Contents

Real-Time Face Detection using OpenCV

Previous parts: [Part 0], [Part 1]

In this post we will go through the process of detection and tracking faces in video frames using OpenCV and Deep Neural Network, all in real time. In the [previous part(https://vladkol.com/posts/gstreamer/) we learned how to get frames from an IP or USB-connected camera using GStreamer. Now it’s time to detect faces so later we can perform face identification. At this point we just need to know if there is a face on the frame image, and where that face is, or as they say, face bounding box. Along with face bounding box, we will get so called facial landmarks - specific points on face, such as eyes, nose, mouth corners and more.

/images/facetracking.gif

The tracking is important because we need minimize number of expensive identification operations for the same face. If a face is just moving around, we should be able to track it and only send new faces for identification. The animation above shows how it preserves tracking number (1) between frames.

A very brief history of Object (and Face) Detection

Before Deep Learning: Viola-Jones Haar Cascades and Histogram of Oriented Gradients

Efficient object detection algorithms are not very old. They only became possible when Machine Learning emerged from theoretical researches and prototypes to real-world implementations, along with progressed hardware performance, in early 2000s.

You probably heard about a method based on Haar Cascades that was proposed by Paul Viola and Michael Jones in their paper “Rapid Object Detection using a Boosted Cascade of Simple Features” in 2001. It is a machine learning algorithm based on AdaBoost approach. Cascade classifier and Haar Cascades in particular were not made specifically for faces, but became increasingly popular due to their efficiency (at that point of time), and OpenCV made it easy to use by not only providing an implementation, but also a pre-trained classifier. Haar classifier and its features are similar to those in Convolutional neural networks (CNN) (I’m a bit oversimplifying here) with one big difference - in CNN, the network learns which features to use during its training, while Haar features and hand-picked.

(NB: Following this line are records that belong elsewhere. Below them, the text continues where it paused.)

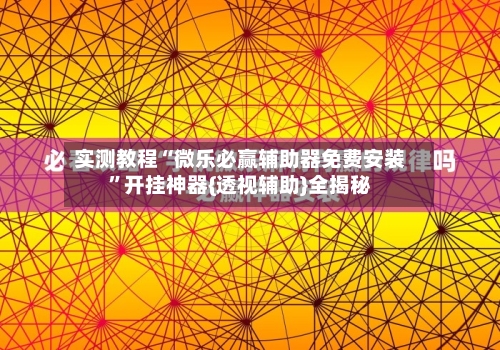 实测教程“微乐必赢辅助器免费安装”开挂神器{透视辅助}全揭秘-第1张图片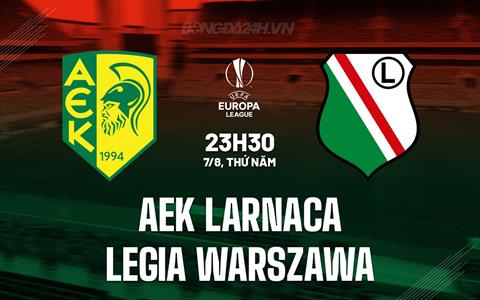 Nhận định AEK Larnaca vs Legia Warszawa 23h30 ngày 7/8 (Europa League 2025/26)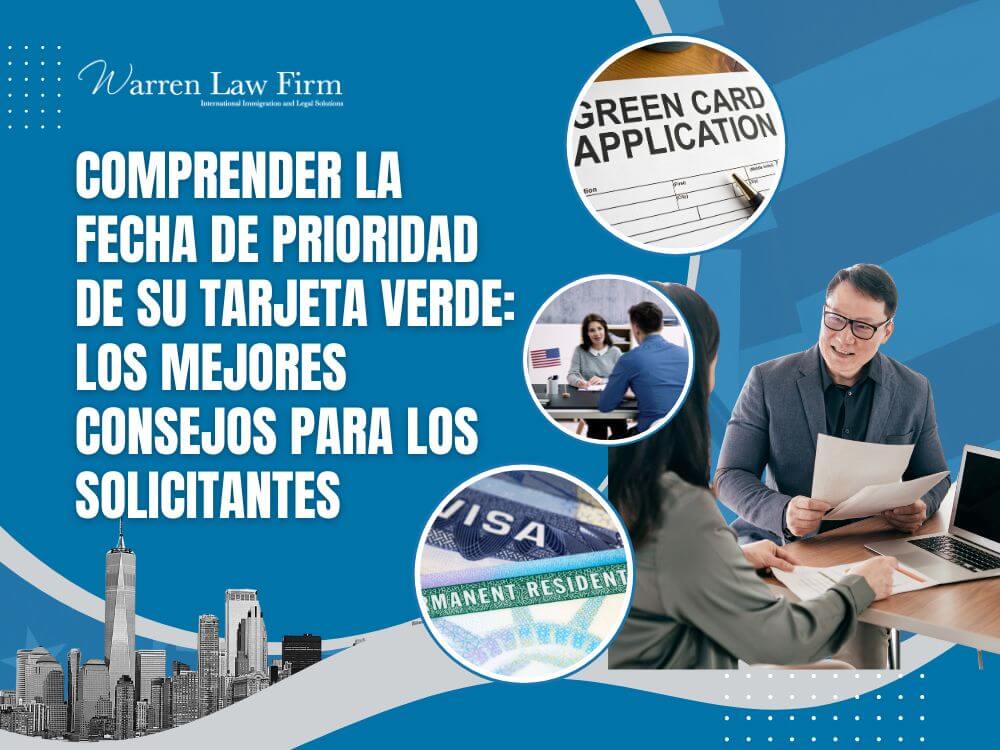 Green Card Priority Date - Comprender la fecha de prioridad de su tarjeta verde los mejores consejos para los solicitantes - Warren Law Firm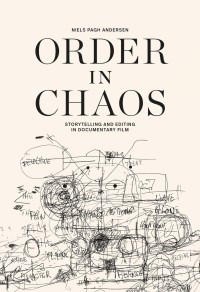 Image of Order in chaos : storytelling and editing in documentary film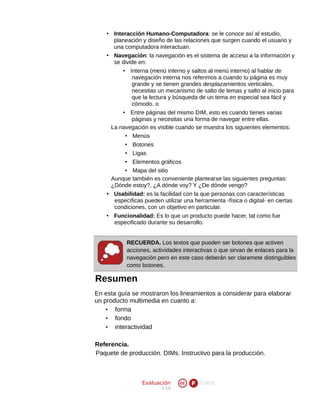 • Interacción Humano-Computadora: se le conoce así al estudio,
planeación y diseño de las relaciones que surgen cuando el usuario y
una computadora interactuan.
• Navegación: la navegación es el sistema de acceso a la información y
se divide en:
• Interna (menú interno y saltos al menú interno) al hablar de
navegación interna nos referimos a cuando tu página es muy
grande y se tienen grandes desplazamientos verticales,
necesitas un mecanismo de salto de temas y salto al inicio para
que la lectura y búsqueda de un tema en especial sea fácil y
cómodo. o
• Entre páginas del mismo DIM, esto es cuando tienes varias
páginas y necesitas una forma de navegar entre ellas.
La navegación es visible cuando se muestra los siguientes elementos:
• Menús
• Botones
• Ligas
• Elementos gráficos
• Mapa del sitio
Aunque también es conveniente plantearse las siguientes preguntas:
¿Dónde estoy?, ¿A dónde voy? Y ¿De dónde vengo?
• Usabilidad: es la facilidad con la que personas con características
específicas pueden utilizar una herramienta -física o digital- en ciertas
condiciones, con un objetivo en particular.
• Funcionalidad: Es lo que un producto puede hacer, tal como fue
especificado durante su desarrollo.
RECUERDA. Los textos que pueden ser botones que activen
acciones, actividades interactivas o que sirvan de enlaces para la
navegación pero en este caso deberán ser claramete distinguibles
como botones.

Resumen
En esta guía se mostraron los lineamientos a considerar para elaborar
un producto multimedia en cuanto a:
• forma
• fondo
• interactividad
Referencia.
Paquete de producción. DIMs. Instructivo para la producción.

Evaluación
V 2.0

EVA05

 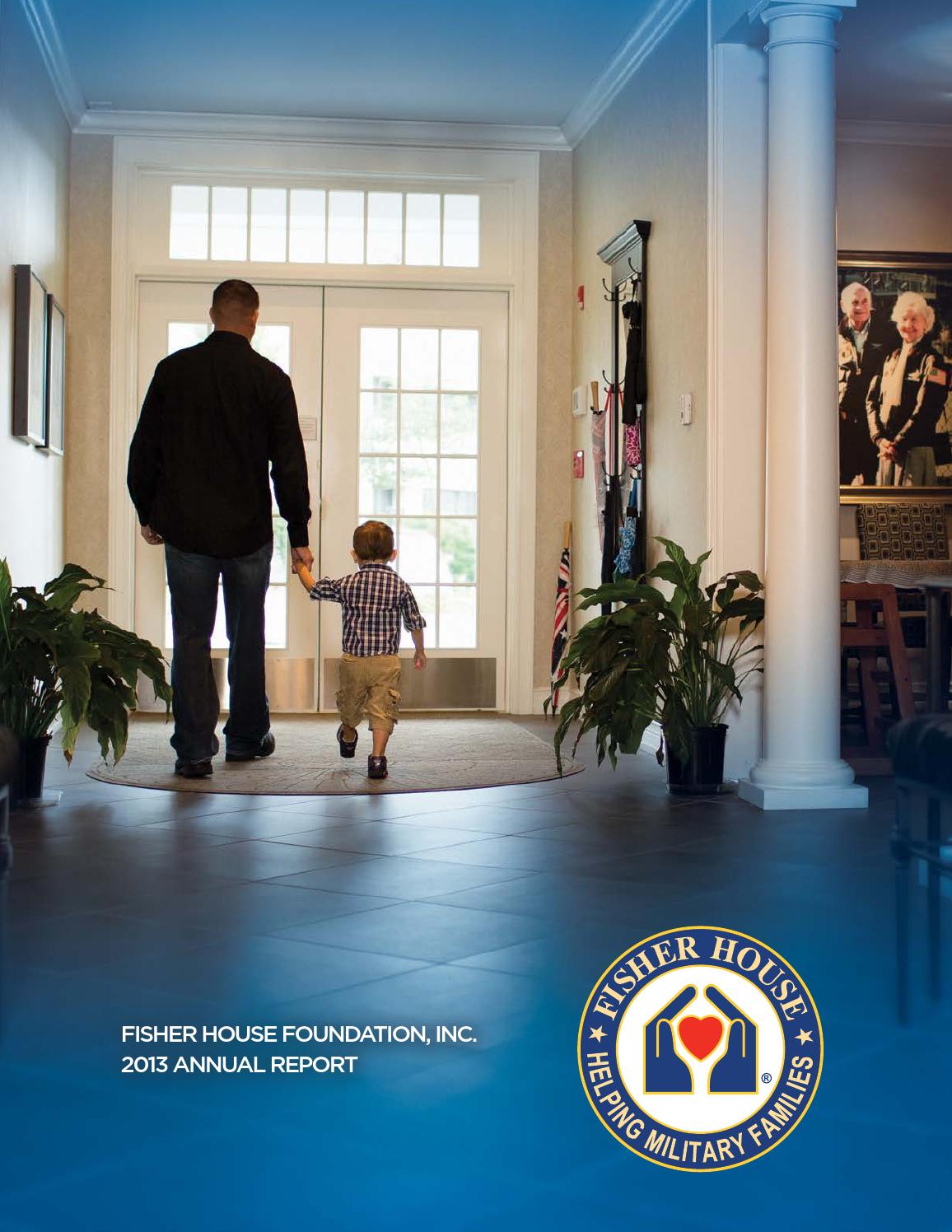 Fisher House 2013 Annual Report by Fisher House Foundation Issuu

Here is a brief explanation of how Haar Cascade Classifiers work.

Another popular and somewhat even better method is “Histogram of Oriented Gradients”. Robert K. McConnell invented it back in 1986, but the algorithm only became popular after Navneet Dalal and Bill Triggs presented their HOG work in 2005 at Conference on Computer Vision and Pattern Recognition (CVPR).

With HOG detectors, instead of using hand-picked features, they use histograms of pixel gradients calculated on a sub-images. Satya Mallick put a detailed article on HOG.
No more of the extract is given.